Although DL models perform excellently in pathology diagnostics, their black-box nature poses a significant issue in their interpretability. In clinical auxiliary diagnostics, physicians not only know the diagnostic results but also understand the reasons behind the model’s predictions [45, 75, 144, 226]. Therefore, improving model interpretability and providing transparent diagnostic bases are crucial for enhancing physicians’ trust and practical application value. Additionally, the poor interpretability of deep models raises ethical concerns in clinical applications, including data privacy protection and the attribution of diagnostic responsibility [249]. These concerns directly relate to patients’ vital interests in the promotion and application of technology. Therefore, promoting the development of intelligent pathology diagnosis technology while considering and addressing related ethical and legal concerns remains another major challenge faced by intelligent pathology diagnostics.

Lack of quantification of model uncertainty and challenges in domain adaptation

For intelligent pathology diagnostic systems to be clinically adopted, the confidence level of their AI-powered predictions should be understood. Techniques such as Bayesian DL and ensemble methods can quantify model uncertainty, offering a measure of confidence that can enhance the interpretability and reliability of AI-assisted diagnoses.

Additionally, variability in pathology data across different institutions, scanners, and staining procedures introduces domain shifts that can degrade model performance when applied to new datasets [31, 3740]. Models trained on data from a specific source may not generalize well to data from other sources due to these discrepancies.
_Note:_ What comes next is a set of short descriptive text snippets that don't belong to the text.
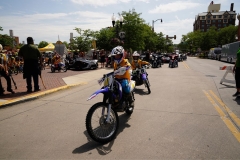 STURGIS-BUFFALO-CHIP-RUSTY-WALLACE-RIDE-2019 (37)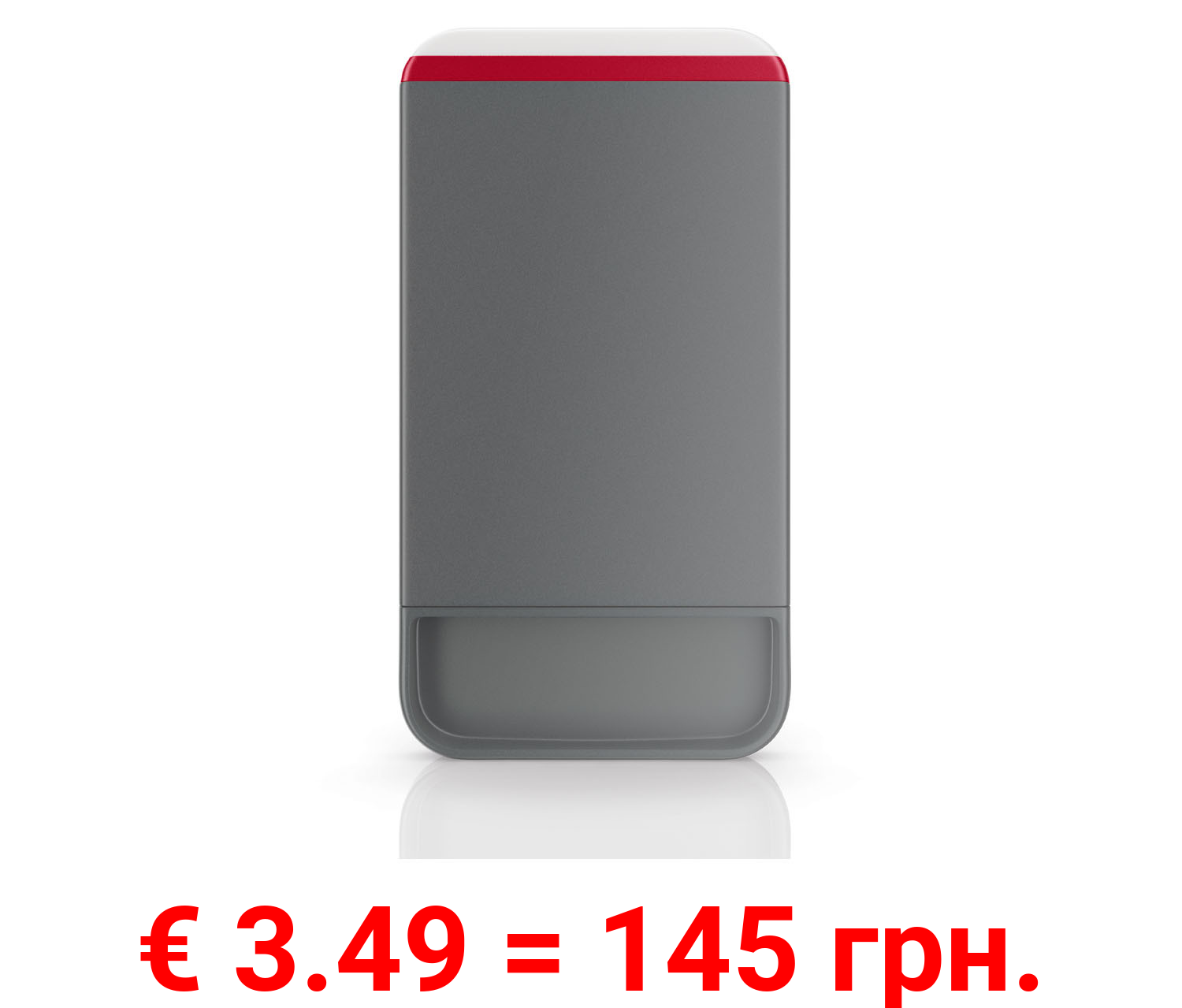 ERNESTO® Schneidebretter, 3er Set, mit Auffangschale / mit Schüttfunktion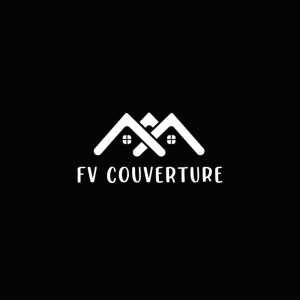 FV couverture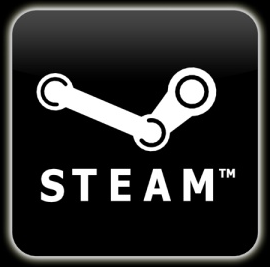 steam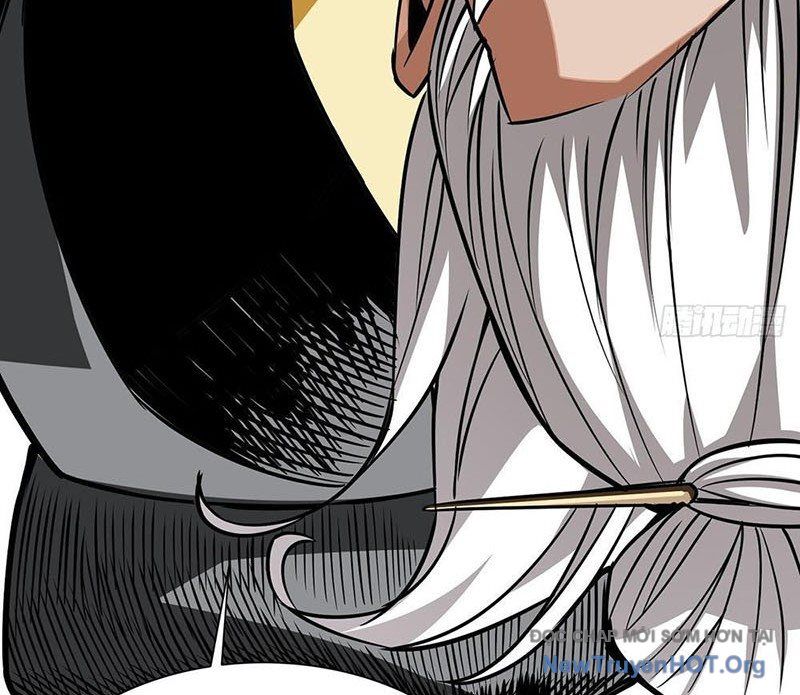 Cực Tốc Hồi Lam Chap 11 - Next Chap 12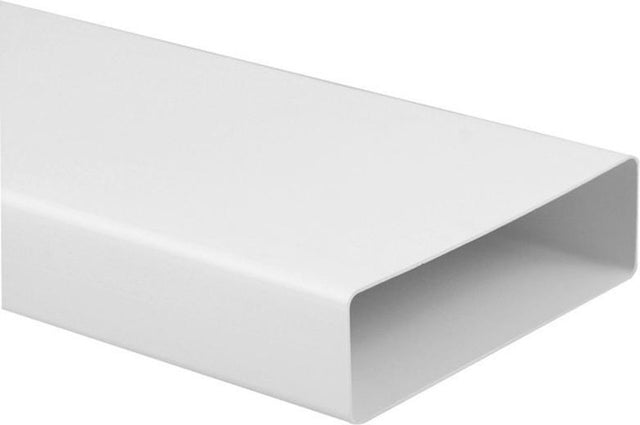 Nedco ventilatiekanaal 1 meter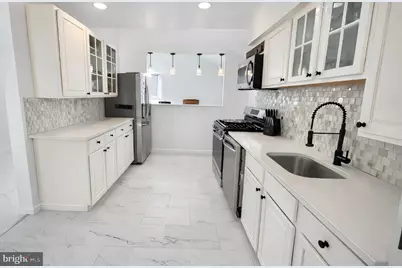 610 Ogden Drive, Westampton, NJ 08060 - Photo 6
Domain adaptation techniques, including transfer learning and self-supervised learning, can improve model generalization by adapting models to new domains without requiring extensive labeled data [221, 244]. By addressing both uncertainty quantification and domain adaptation, intelligent pathology image analysis can become more robust and widely applicable across various clinical settings.

Future direction for intelligent pathology image analysis

As previously discussed, while intelligent pathology image analysis technologies have great potential in improving diagnostic efficiency and accuracy [186, 189], they also face significant challenges. Future research and applications must focus on addressing issues such as the time-consuming nature of large pathology images [186], insufficiently precise data annotation [188], multiscale feature integration [141], model interpretability [45, 75, 144, 226], and ethical and legal concerns [249]. Only by overcoming these challenges can intelligent pathology image analysis technologies be widely applied in clinical practice, ultimately achieving more accurate cancer diagnosis assistance. Based on the current state of research summarized above, the future directions for intelligent pathology image analysis may include the following:

Efficient training and inference framework for WSI analysis

Given the issue of long diagnostic times associated with current intelligent pathology image analysis technologies, achieving faster cancer diagnoses is a vital development direction. Key research areas include data compression of WSIs, accurate localization of diagnostically relevant regions, and acceleration of model training and inference. At the data level, it is necessary to compress WSIs while retaining microscopic scale features to reduce storage needs and improve the efficiency of subsequent model training and diagnosis prediction. In terms of region selection, focusing on key areas can effectively exclude irrelevant or redundant parts, achieving more efficient diagnostic predictions. At the model level, extensive research on CNNs and self-attention mechanisms can be combined with the characteristics of pathological data to achieve more efficient training and inference. These directions can all lead to faster feature extraction and cancer prediction, further promoting more efficient intelligent pathology image analysis. Enhancing model efficiency is a key prerequisite for applying this technology in clinical diagnostics, making the rapid diagnosis of cancer from WSIs a significant goal for developing future intelligent pathology image analysis technologies.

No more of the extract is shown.